David went on to design and facilitate a lay leadership development programme that has run twice in the city.

He is currently acting as a consultant for the course being introduced in Manchester.

“Three courses have run in Leeds, training up 20 new leaders and improving the skills of 12 existing leaders,” he said.

David also wrote a five-year strategic plan for the Leeds Jewish community alongside a committee of volunteers and Paris- based consultancy, which is being implemented.

As Leeds Jewish Welfare Board commercial manager until last summer, he brought his years of experience to a brand new role.

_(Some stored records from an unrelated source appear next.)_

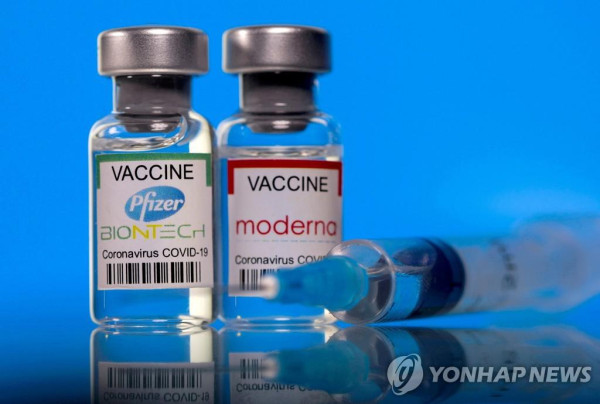CDC는 19일 18세 이상 모든 미 성인에게 코로나19 백신 부스터샷을 맞으라고 권고했다.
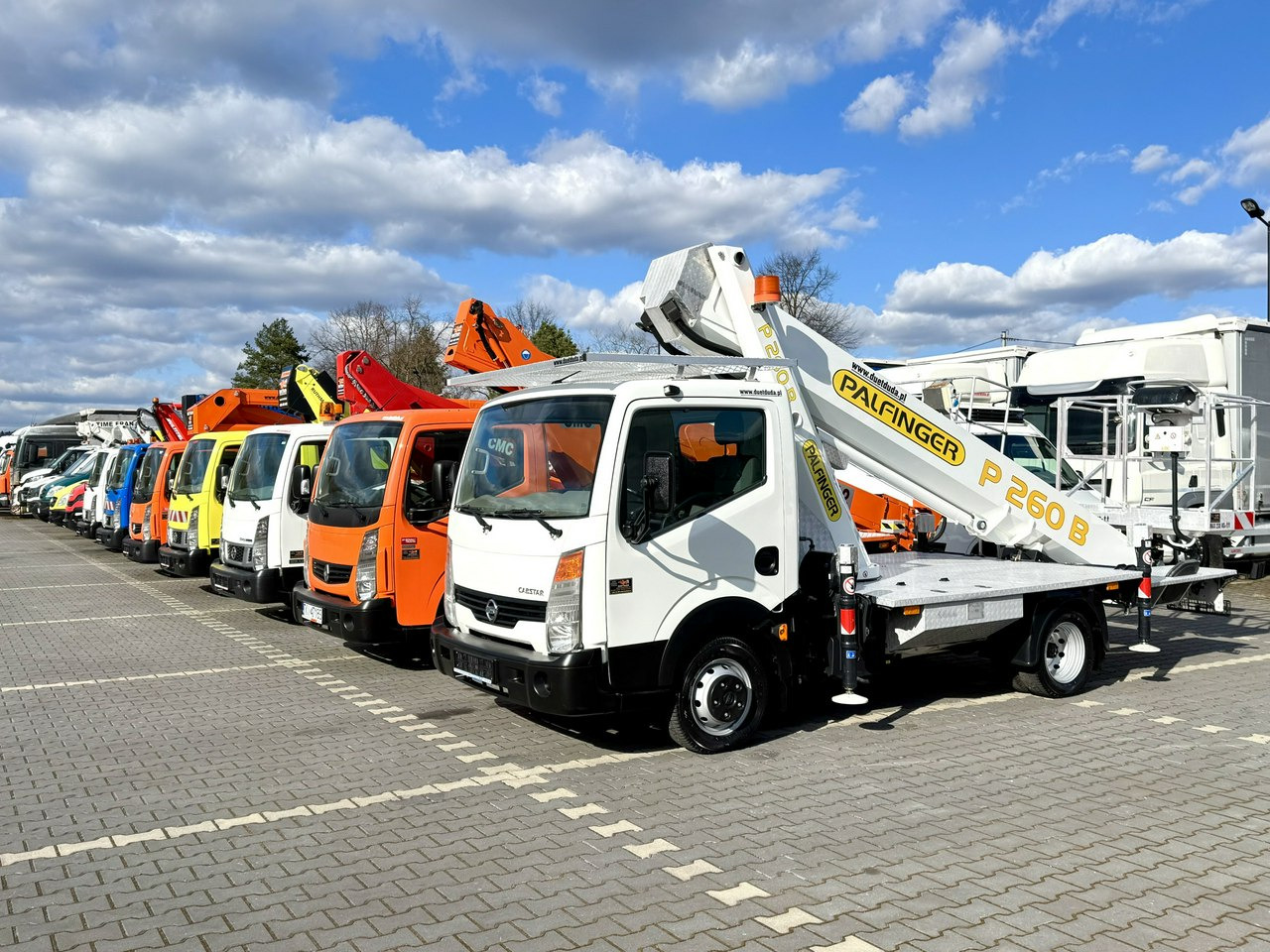 Nissan Cabstar - Automobilová plošina: obrázok 1 Nissan Cabstar - Automobilová plošina: obrázok 1
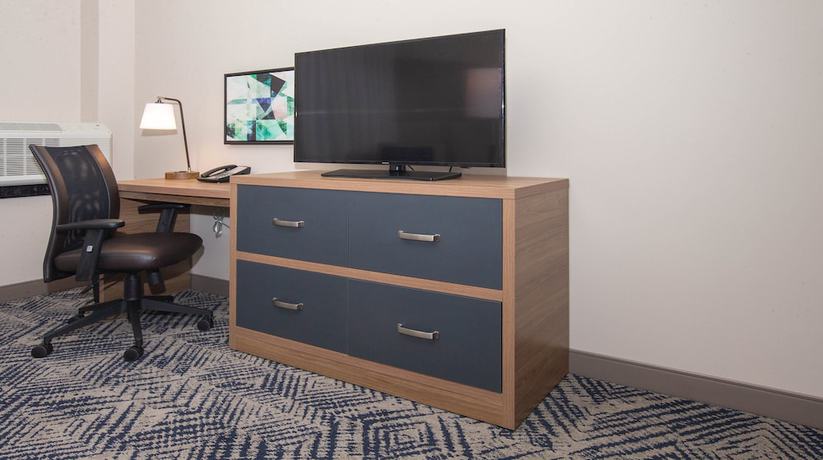 Imagen de la habitación del Hotel Candlewood Suites - Cleveland South - Independence, an IHG Hotel. Foto 5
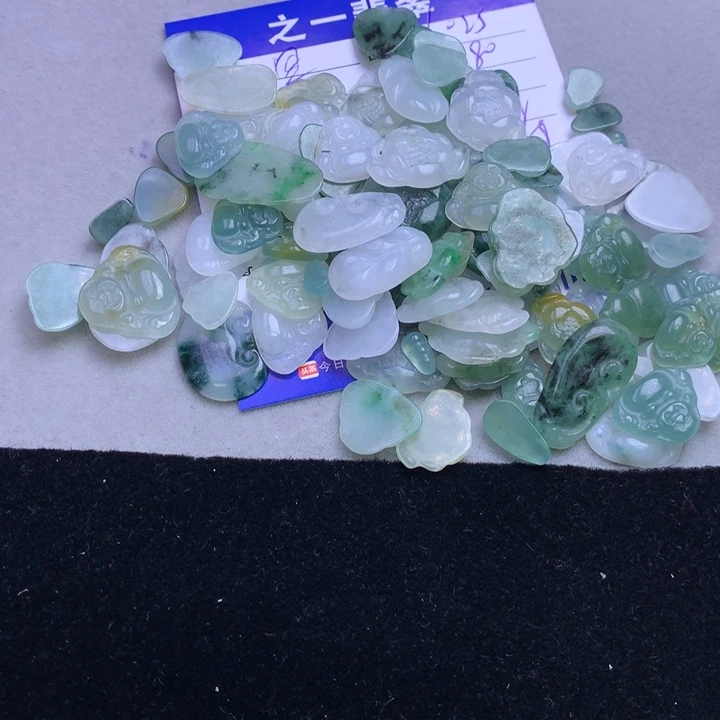 颈饰未镶嵌翡翠因**回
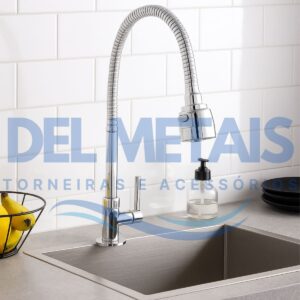 Torneira Gourmet Bica Móvel Para Bancada de Cozinha Com Tubo Cromado Flexível Tipo Chuveirinho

“I created and implemented a new working system for the community centre flexible enough to accommodate service users and business clients,” he said.

“A marketing strategy encouraged businesses to use the centre.”

David left the post last summer and is currently looking for a new challenge.

“I’m adept at community and lay leadership development, event planning and building management so am able to turn my hand to just about any role in an organisation,” he said.

“I am looking to find an exciting new challenge in my next work role.”

Limmud has always been central to David’s thinking.

His first voluntary role was at national conference in 2000 as resource room manager.

Since then he has been on the conference core team three times and helped re-introduce “day” Limmud activities nationally after helping facilitate Leeds Limmud nine years ago.

“I was on four Leeds ‘day’ Limmud teams, took Limmud to Newcastle and was regional Limmud co-ordinator for six years covering more than two dozen events,” he said.

“In that time, we doubled the number of “day” Limmud activities and trebled the number of people attending.

“In addition, we pioneered pre-Limmud “day” evening events and Limmud city tours.”

Looking ahead to next week, he said: “As organisers you get a massive buzz when you see all your year’s work come together.

“On that first day when people arrive to register there is an amazing atmosphere.

“Participants get so much from the event.”